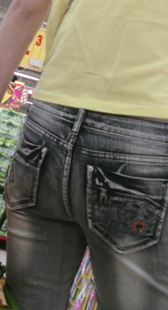 超市大屁股黑牛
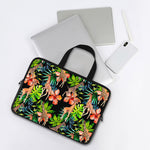 Black Tropical Giraffe Pattern Print Laptop Sleeve With Handle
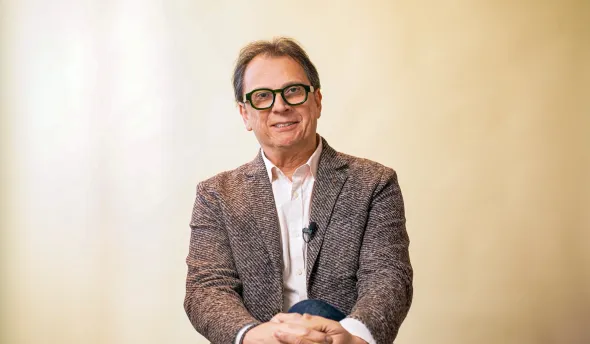 Pascal Moquay, directeur de la stratégie de ce groupe de mobilier urbain, fait le point au micro de Sophie Arutunian.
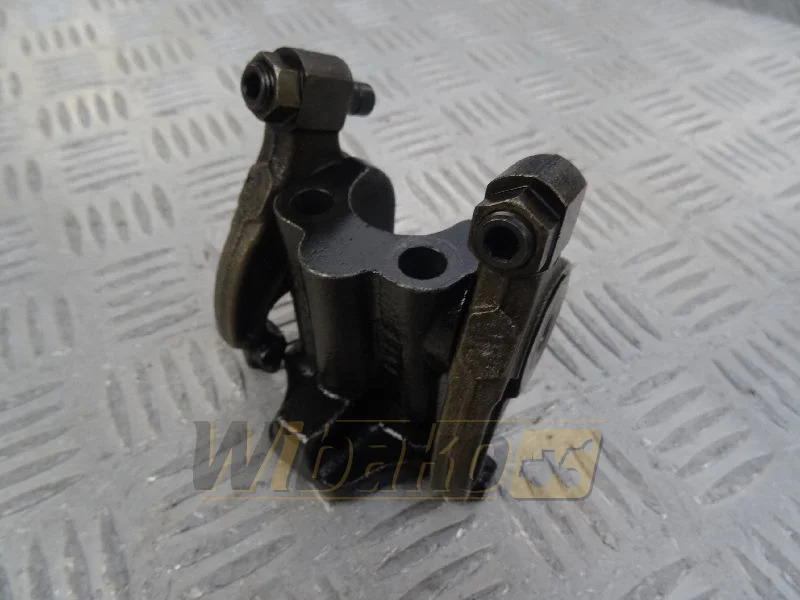 Deutz 04515734 - Cylinder head for Construction machinery: picture 1 Deutz 04515734 - Cylinder head for Construction machinery: picture 1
════
[TASK REQUIREMENTS]:
Print exactly the span of lines that begins with the line containing "Pascal Moquay, directeur" and ends with the last line of the listing, with no pictures.

[SOLUTION BELOW]:
 Pascal Moquay, directeur de la stratégie de ce groupe de mobilier urbain, fait le point au micro de Sophie Arutunian.
 Deutz 04515734 - Cylinder head for Construction machinery: picture 1 Deutz 04515734 - Cylinder head for Construction machinery: picture 1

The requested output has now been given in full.